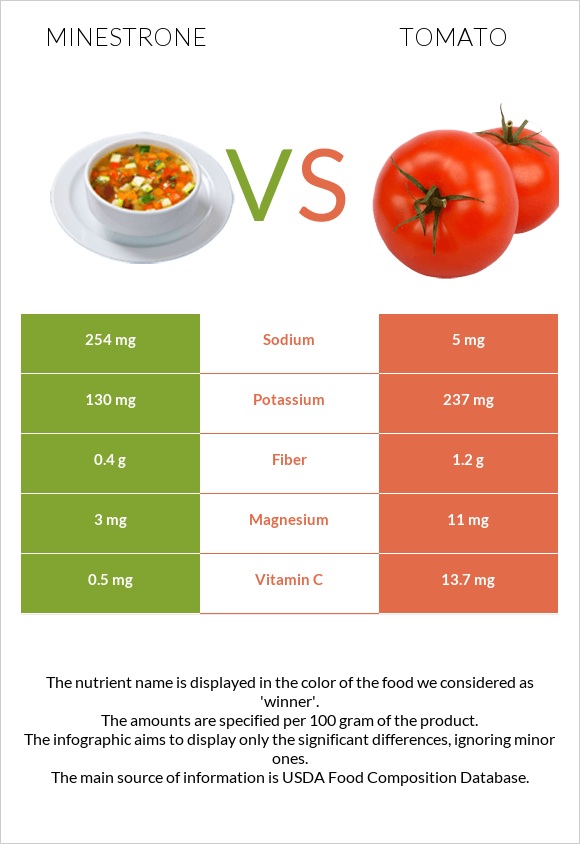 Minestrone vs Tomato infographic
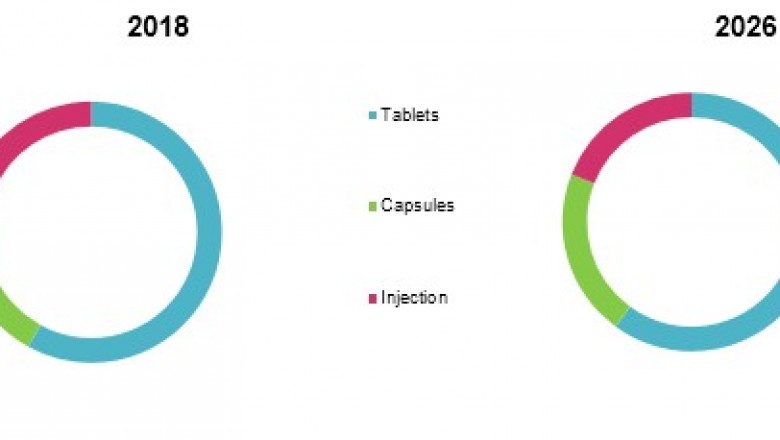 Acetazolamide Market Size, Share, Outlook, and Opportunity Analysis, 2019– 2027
+ + + + +
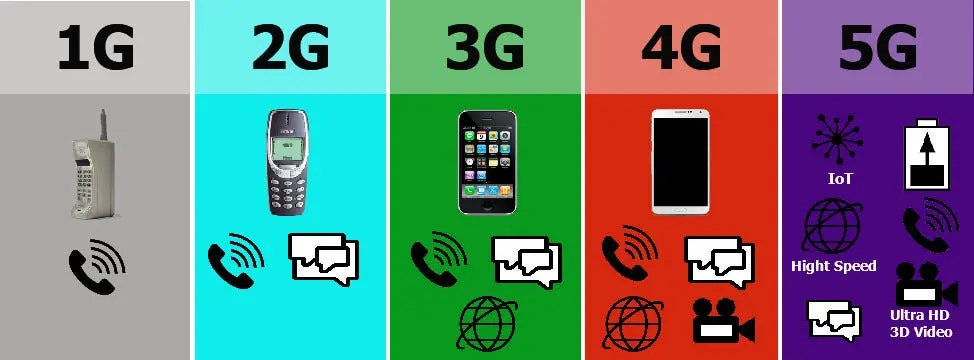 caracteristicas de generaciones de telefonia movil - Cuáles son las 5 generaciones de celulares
+ + + + +
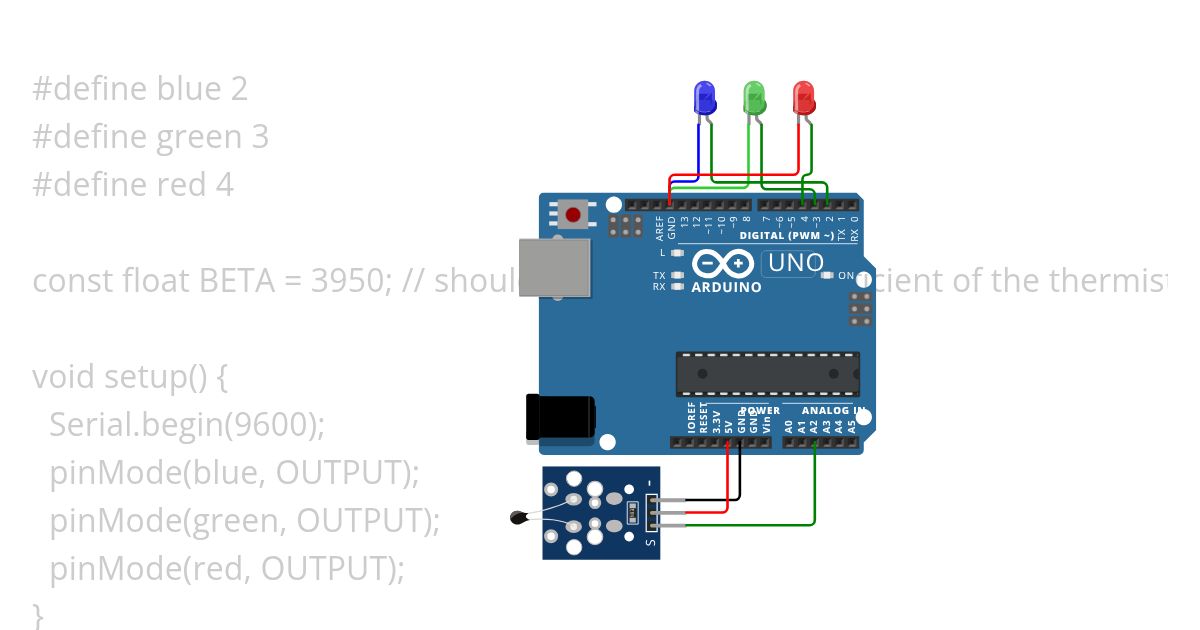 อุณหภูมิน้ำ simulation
+ + + + +
**EXERCISE DIRECTIONS:** The lines to reproduce run from the one above containing "Minestrone vs Tomato infographic" through the one containing "Acetazolamide Market Size, Share, Outlook, and". Copy them exactly and leave out all pictures.

**ANSWER BOX:**
 Minestrone vs Tomato infographic
 Acetazolamide Market Size, Share, Outlook, and Opportunity Analysis, 2019– 2027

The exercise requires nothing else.